Question on NO/NC contact for motor application 4

[budhiman]

In a motor protection application using relays, I have seen the trip circuit having a normally closed contact in the run circuit. What is the reasons to have normally closed contact in this application where is in normal feeder protection the relay contact is programmed as normally open? Is the reason to have normally closed in the motor to break the run circuit or is there a different reason as well? Also, when will it be good to use fail-safe contact ?

 

[itsmoked]

Not sure I'm following you but normally a Normally Closed circuit is desired so a broken wire or failed relay contact turns the thing OFF rather than a failure signalling run.

Keith Cress
kcress -

http://www.flaminsystems.com

 

[BrianPetersen]

"Fail-safe" is old terminology, "control reliable" is more recent, "functional safety" is the current one. If the stopping of the motor is a safety-related function then a risk assessment should establish the required integrity of the control circuit. ISO 13849-1 is one possibility, there are others depending on the application and on where you are in the world.

 

[waross]

Normally closed is the original standard for motor control using magnetic contactors.
There are very few exceptions.
With the assumption that the safe condition is with the motor stopped, anything that interupts the current to the contactor coil will stop the motor.
In substations and generating plants, (and other similar plants) there may be a need to do switching in the absence of grid power.
A black start is one example.
It is often desirable that power circuit breakers not trip on power dips or power loss.
These installations typically use normally open trips.
When normally open trips are used it is often required to use an independent source of tripping power.
The independent power may be a battery bank or a capacitor.
These installations are often under the care and control of a trained operator and have a rigid inspection and maintenance program.
When normally open trips are used, a failure of the tripping power source or a broken wire may make a normal or automatic trip impossible.

Bill
--------------------
"Why not the best?"
Jimmy Carter

 

[dpc]

A diagram might help. Low voltage motors typically are controlled via a contactor that must remain energized to run the motor. To shut down the motor, relays generally then use a normally closed contact that opens to stop the motor. If the motor is running directly from a power circuit breaker, then generally it is an energize-to-trip scheme and a normally open contact is used.

 

[waross]

Hi dpc.

If the motor is running directly from a power circuit breaker, then generally it is an energize-to-trip scheme and a normally open contact is used.

I have encountered a number of installations where a power circuit breaker was used as a motor starter.
All used a shunt trip so that the breaker would trip on loss of power.
That avoids the hassle of a battery bank.
One installation was for twelve 3000 HP motors at 13,000 Volts.
As I remember shunt trips were used.
In the Canadian code a motor must not be allowed to restart automatically after a power failure if doing so may create a hazard.
That is most easily accomplished with a NO contact scheme or with a shunt trip.
(Shunt trip: Must be energized to allow the breaker to close.
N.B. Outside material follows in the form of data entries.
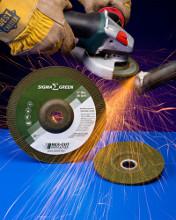 Abrasive grinding wheels provide rapid stock removal - TheFabricator.com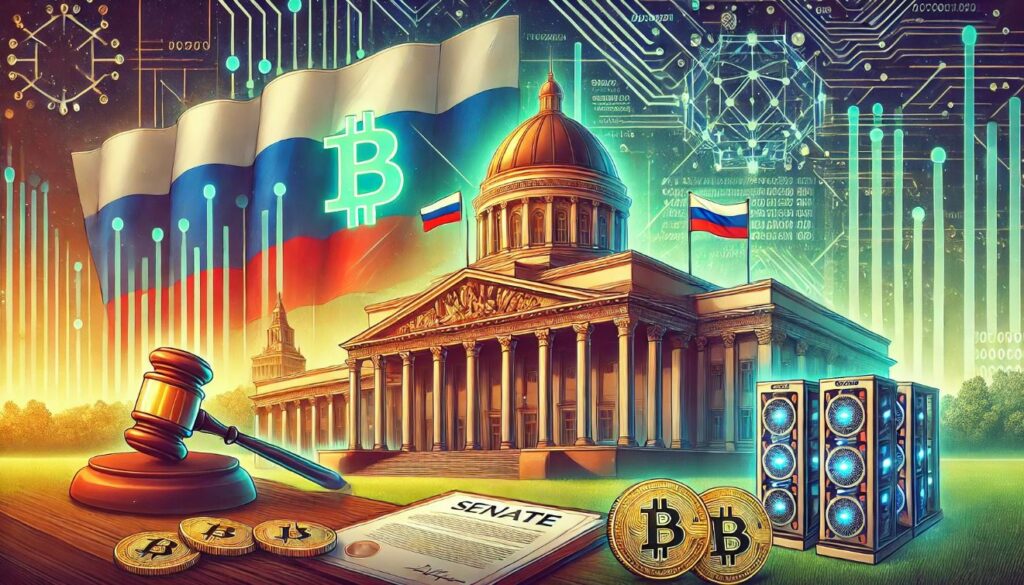 Russian Senate Green-lights Crypto Mining Law – But Is There a Twist for BTC Miners?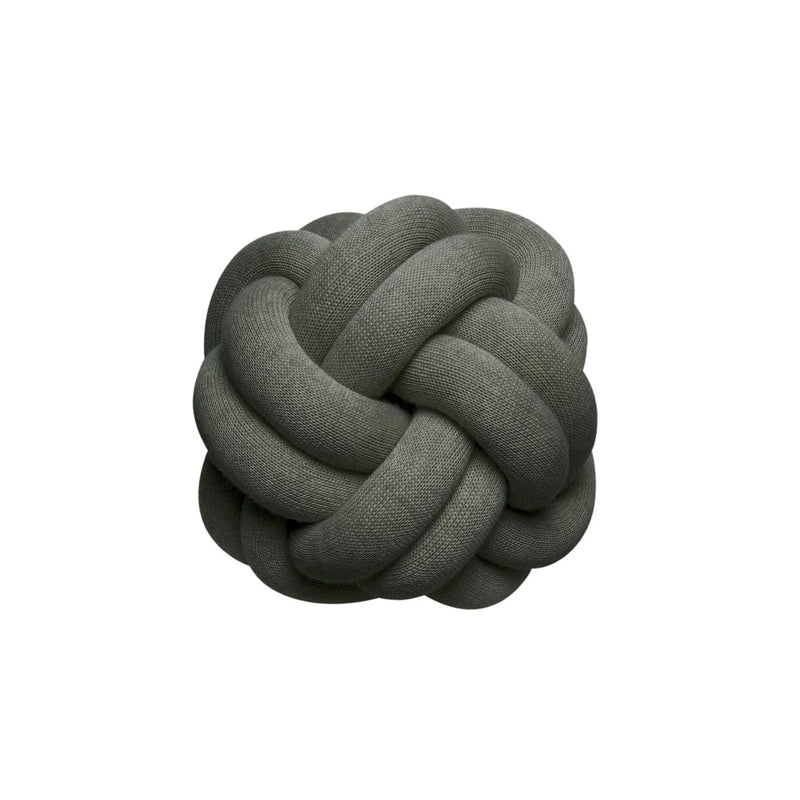 Knot Cushion - HORNE - Camel - HORNE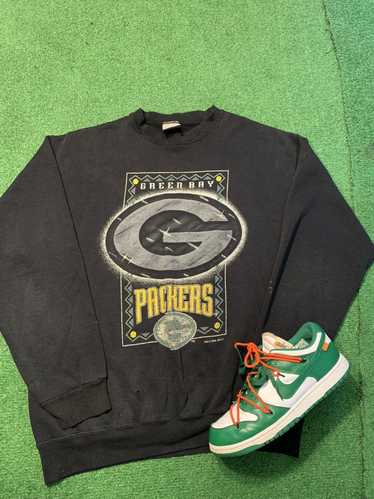 Logo 7 × Sportswear × Vintage Vintage Packers swe… - image 1
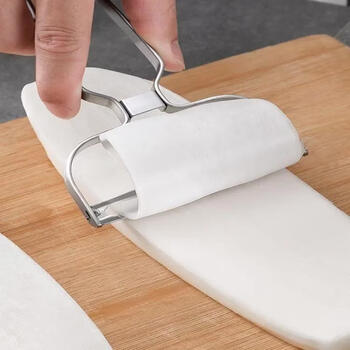 Wing fantasy carrot slicing knife stainless steel sprite pickled crispy radish cutting large cucumbers potatoes peeling and slicing knife tool stainless steel true color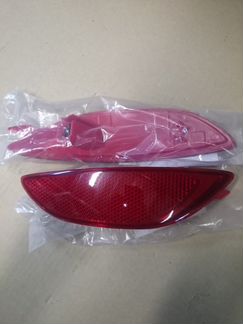 Отражатель заднего бампера левый Solaris sedan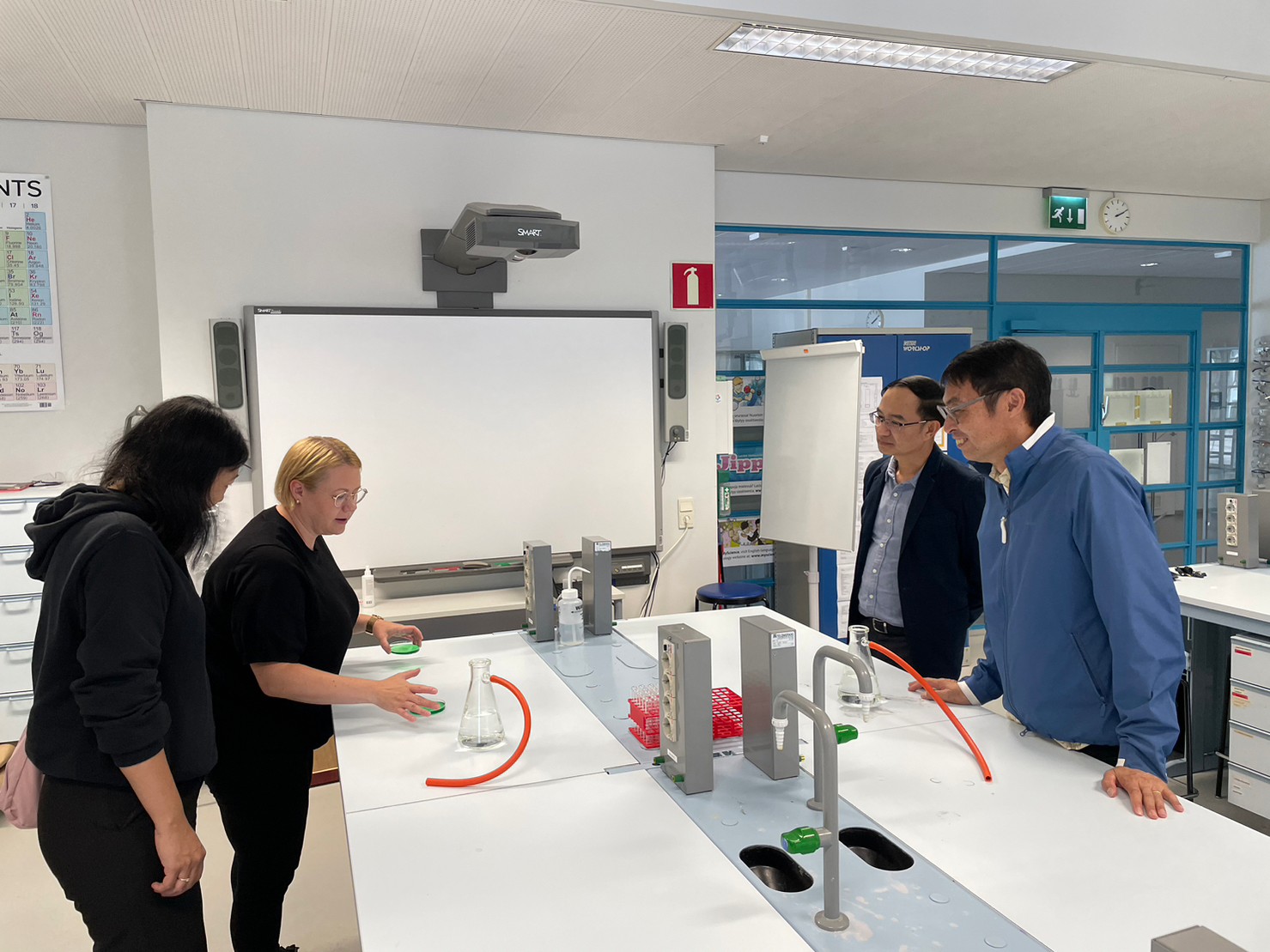 ม.นครพนม เข้าเยี่ยมชม พร้อมหารือความร่วมมือทางวิชาการด้านการวิจัยระหว่างประเทศ กับศูนย์สะเต็มศึกษาแห่งชาติ LUMA Centre มหาวิทยาลัยเฮลซิงกิ ประเทศฟินแลนด์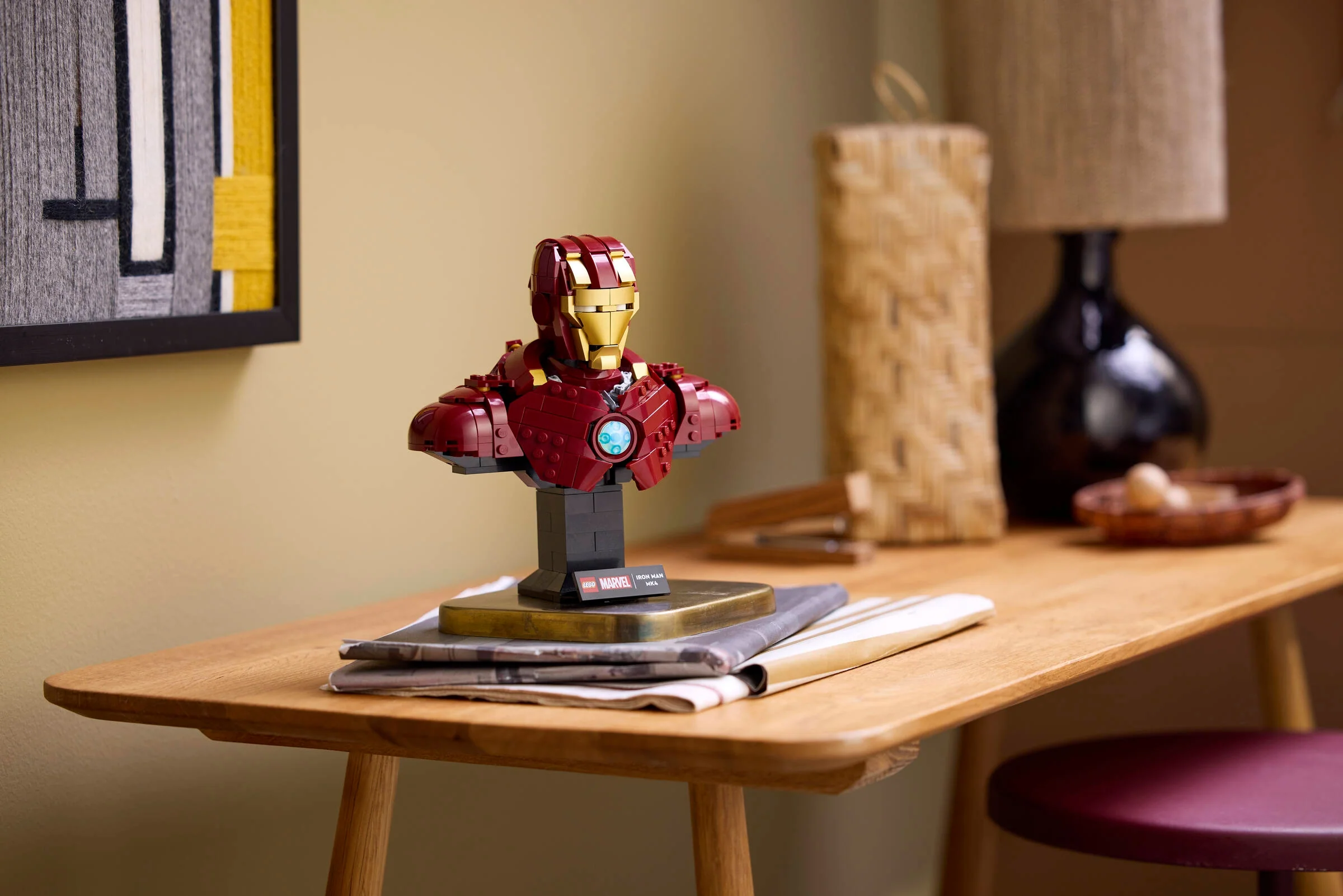 LEGO 76327 Busto di Iron Man MK4 - Image 4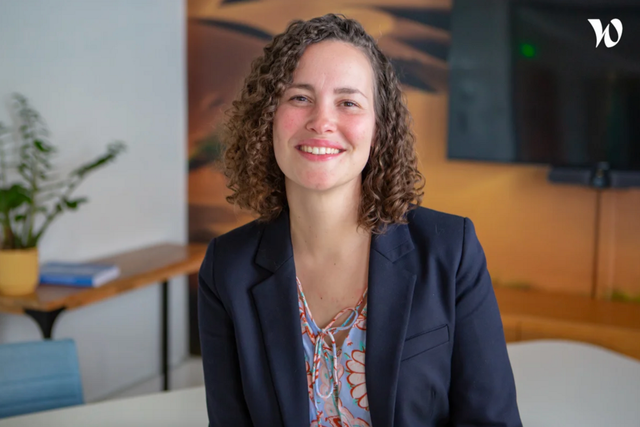 Rencontrez Pauline, Head Of People chez Theodo Data & AI  - Le groupe Theodo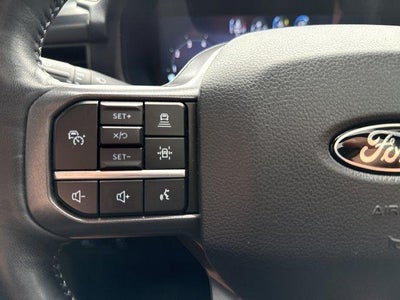 2024 Ford F-150 LARIAT 4WD SuperCrew 5.5' Box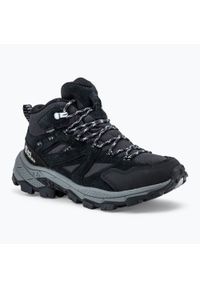 Buty trekkingowe damskie Jack Wolfskin Vojo Tour Texapore Mid. Kolor: czarny. Styl: sportowy #1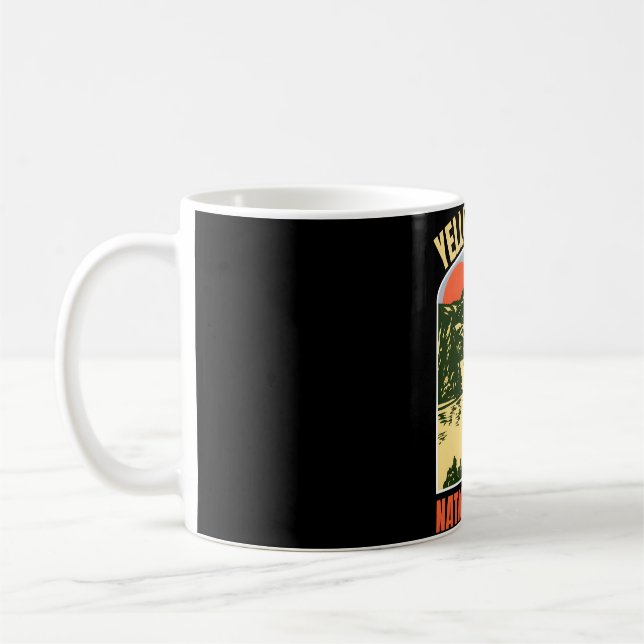 Yellowstone � Geist der Berge Kaffeetasse (Links)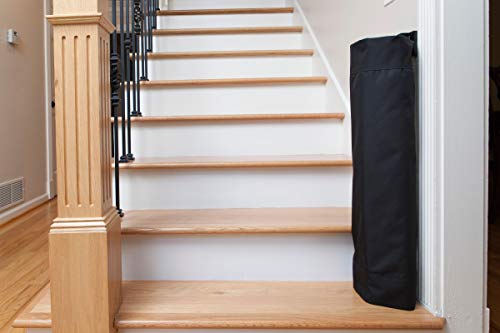The Stair Barrier Baby And Pet Gate Banister To Wall Baby Gate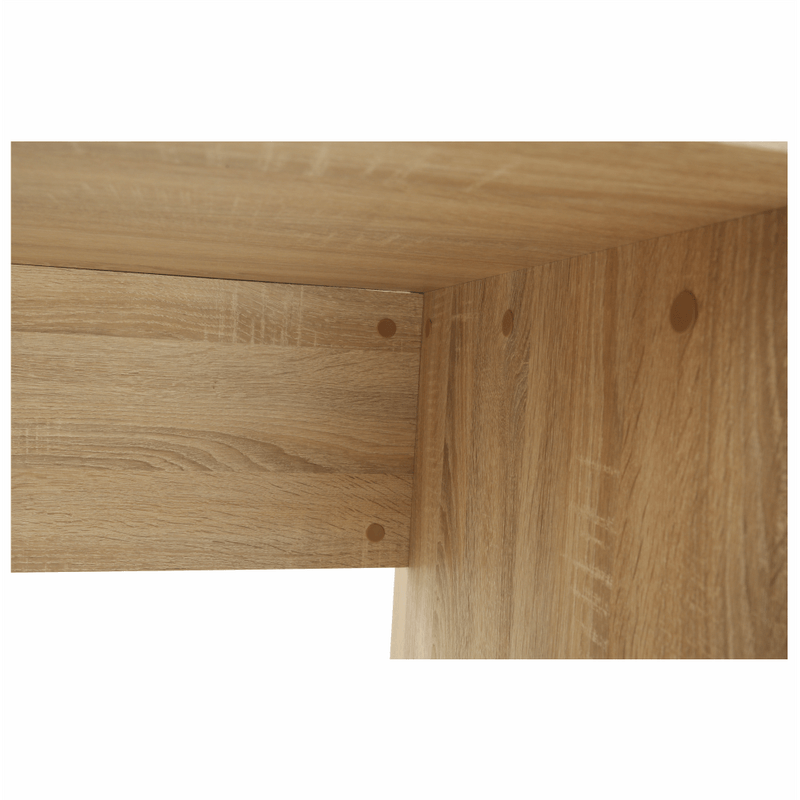 Casa si Gradina - Mobilier - Mese si birouri - Mese bucatarie si dining - Masa de scris, stejar sonoma/alb, EGON - Infinity.ro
Trips on loss of power. Most breakers that accept a trip unit will accept either an energize to trip or a shunt trip.)

Bill
--------------------
"Why not the best?"
Jimmy Carter

 

[jraef]

Bill,
A Shunt Trip means it is ENERGIZED to trip the breaker. What you described is an UNDERVOLTAGE trip coil, that's the kind that trips on loss of power.


" We are all here on earth to help others; what on earth the others are here for I don't know." -- W. H. Auden

 

[waross]

I stand corrected Jeff. Thank you.
I meant to describe an UNDERVOLTAGE trip.


Bill
--------------------
"Why not the best?"
Jimmy Carter

 

[dpc]

Bill,

I've done a lot of installations using low voltage and medium voltage circuit breakers as motor control devices in large power plants. Never used an undervoltage release. I have seen a few. I think this is something that depends on the industry involved.

Cheers,

Dave

 

[waross]

I think that you have hit the differences.
large power plants
I think this is something that depends on the industry involved.
Further to this, an existing battery bank will make a big difference.
If the plant is using a battery bank for switching power circuit breakers, then it makes sense to use the same control plan to control large motors.
The breakers that I have seen with undervoltage release were in plants that did not already have a battery bank for switching.
Most of the plants did not have a sufficiently rigorous maintenance program to ensure proper care of the batteries.
Contrast the cost of adding a battery bank that may not be maintained with the cost of an undervoltage trip and the choice becomes easier.
Another point is that using one or more power circuit breakers it makes sense to use the same control circuits, and if a plant has no power switching but MCCs and a couple of power circuit breakers for large motors, it makes sense to keep the same control circuits as the rest of the motors use.
Despite our different exposure, I am sure that if we were reviewing a specific proposed installation together, we would quickly agree on the best way to go

Bill
--------------------
"Why not the best?"
Jimmy Carter

 

[kssschsekhar]

Hi All,

The Motor protection Relay NC (Normally Close) or NO (Normally Open) usage will be based on type of motor On/Off switching. This is core electrical engineering best practice since the beginning.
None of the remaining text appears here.